The iPS cells are stored at Lovinium biobank in Spain, where they are kept in a cryogenic facility that is constantly monitored for compliance by the FDA and has been approved by them. The temperature of the tanks is also monitored continuously electronically, with readings taken every hour. Two backup alarm systems are in place to ensure that we will be notified immediately if anything goes wrong. If the temperature increases even slightly, an alarm sounds, and our staff is alerted through an automatic calling system. An extensive backup battery and then a backup generator connected to this ensure that we are never without power.
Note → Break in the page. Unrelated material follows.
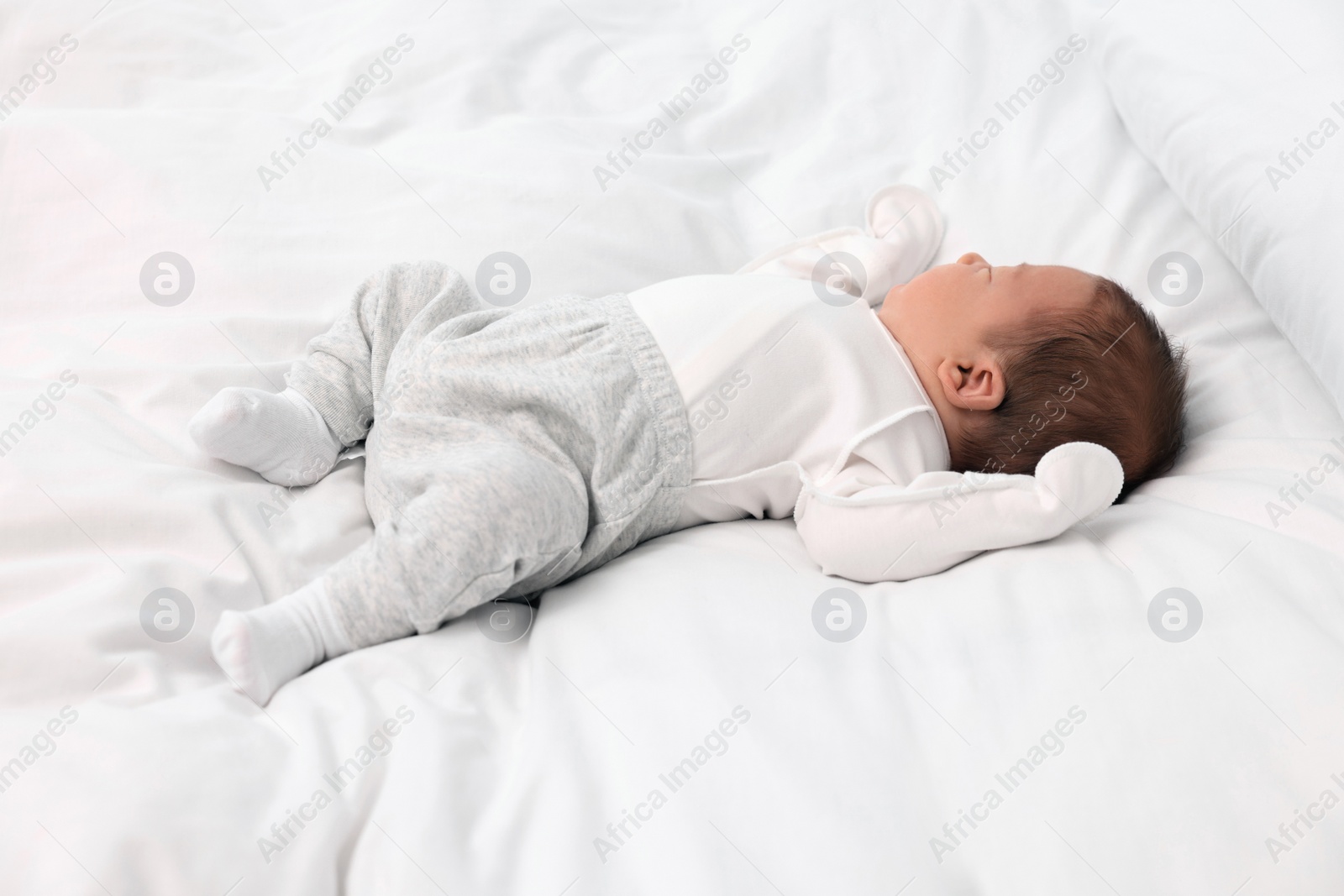 Photo of Cute newborn baby sleeping on white soft bed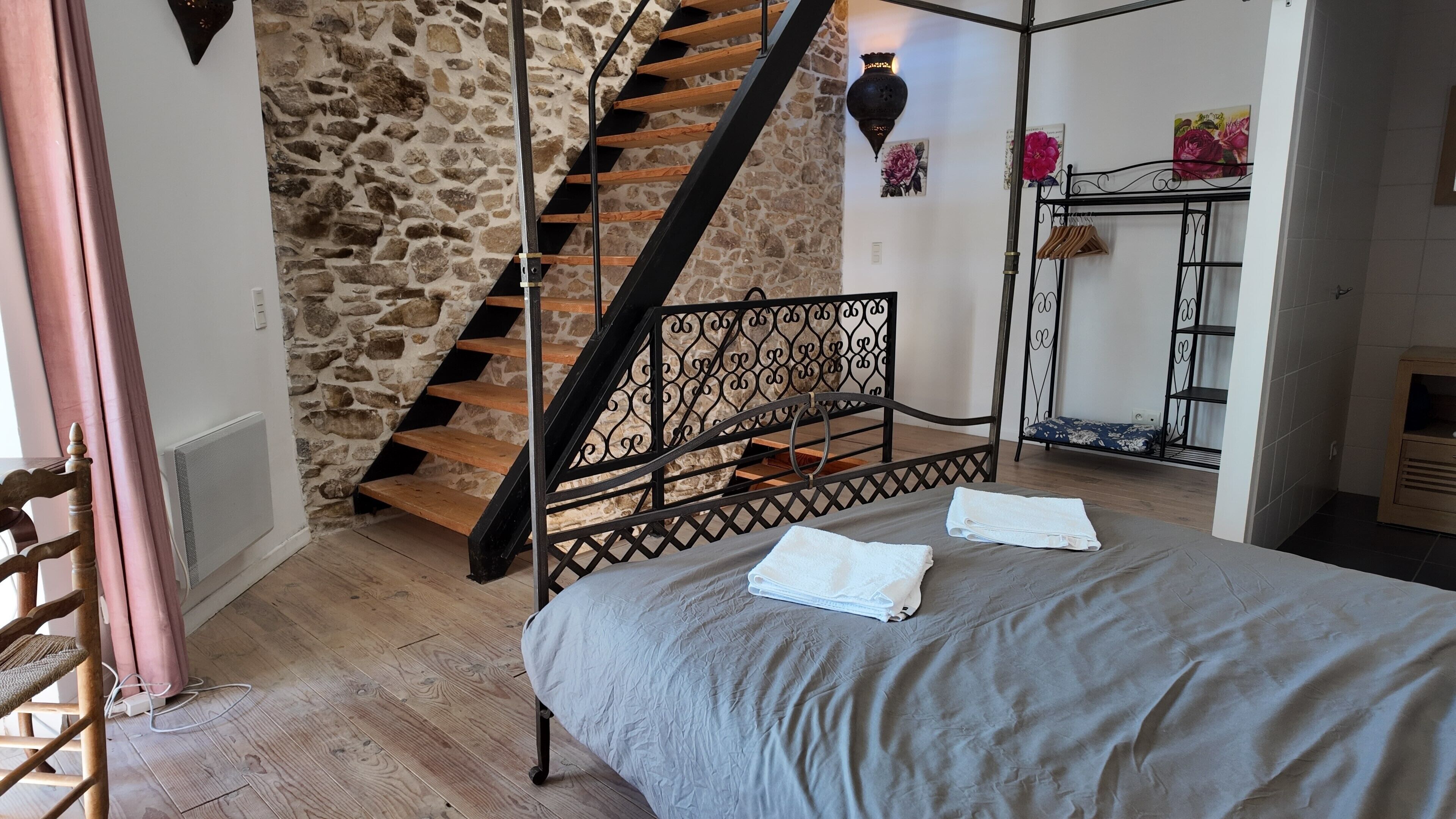 Ein Schlafzimmer mit Steinwand, einer Holztreppe, einem Bett mit grauer Bettdecke und einem Nachttisch mit Handtüchern.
At Lovinium biobank, once your iPS cells have been processed, we store the stem cells in tanks holding liquid nitrogen at optimal long-term storage temperatures -190ºC or colder. We use liquid nitrogen due to its ability to remain at a consistent temperature throughout the tank and to protect frozen cells from any infections or bacteria. This allows us to keep your stem cells long-term without degrading their viability or function.
How to use iPSCs
Induced Pluripotent Stem Cell Differentiation
The induction of pluripotency in somatic cells is one of the most important breakthroughs in stem cell research. This process involves reprogramming adult (somatic) cells into induced pluripotent stem cells (iPSCs). These differentiated adult cells can be used to derive any cell type in the body, including:
Neuron, Astrocyte, Oligodendrocyte, Retinal Epithelial Cell (RPE), Epidermal, Hair, and Keratinocytes.
Hematopoietic, Endothelial Cell, Cardiomyocyte, Smooth Muscle Cell, Skeletal Muscle Cell, Renal cell, Adipocyte, Chondrocyte, and Osteocytes.
Hepatocyte, Pancreatic β-islet Cell, Intestinal Epithelial Cell, Lung Alveolar Cells.
The iPS cell technology is revolutionizing the development of therapeutic drugs and disease modeling. Compared with primary culture, iPSC-derived cells have several advantages:
(1) they are amenable to genome editing/engineering;
(2) they have direct control over genetic diversity with unlimited proliferation potential;
(3) they can be differentiated into specific cell types which are hard to collect directly from the donors, such as cardiomyocytes, cortical neurons, pancreatic beta cells, etc.
Our iPSC service team comprises industry-leading experts, and we are proud to provide feeder-free, footprint-free iPS cells with a success rate of over 95%.
Disease Modeling： We offer a variety of different disease model cells from IPSC differentiation.
IPSC cells can be used as an alternative to primary cells in biology. The induced pluripotent stem cell line has the potential to provide similar cell types in biology. It will be used for compound identification, compound screening, target validation, and as a tool for new drug discovery.
The IPSC cell platform simulates human disease models, and the best possible drugs can be created in the fastest possible time.
Toxicology is a new research discipline that uses human cell models to evaluate the effect of drugs and chemicals by applying a comprehensive set of cell-based technologies, including stem cell technology. Toxicology can be used to build a human cell model with specific cells differentiated by IPSCs, and evaluate the safety of the cells of an organ to environmental toxicants or drugs through this model to help pharmaceutical enterprises reduce the high loss rate of developing new drugs.
We are working hard towards manufacturing human organs, such as the kidney, heart, liver, etc. We intend to improve our performance by using our unique 3D printing technology. We expect you to see the actual transplantation of human organs with our help shortly.
We believe that the only way to achieve this goal is through quality control and the constant improvement of our products. We hope that our customers will share their feedback with us so that we can continue to improve our products and services.
Soon, 3D printing will allow surgeons to grow organs in the laboratory, which can be transplanted into patients. This is an incredible opportunity for people waiting on organ transplant lists for years.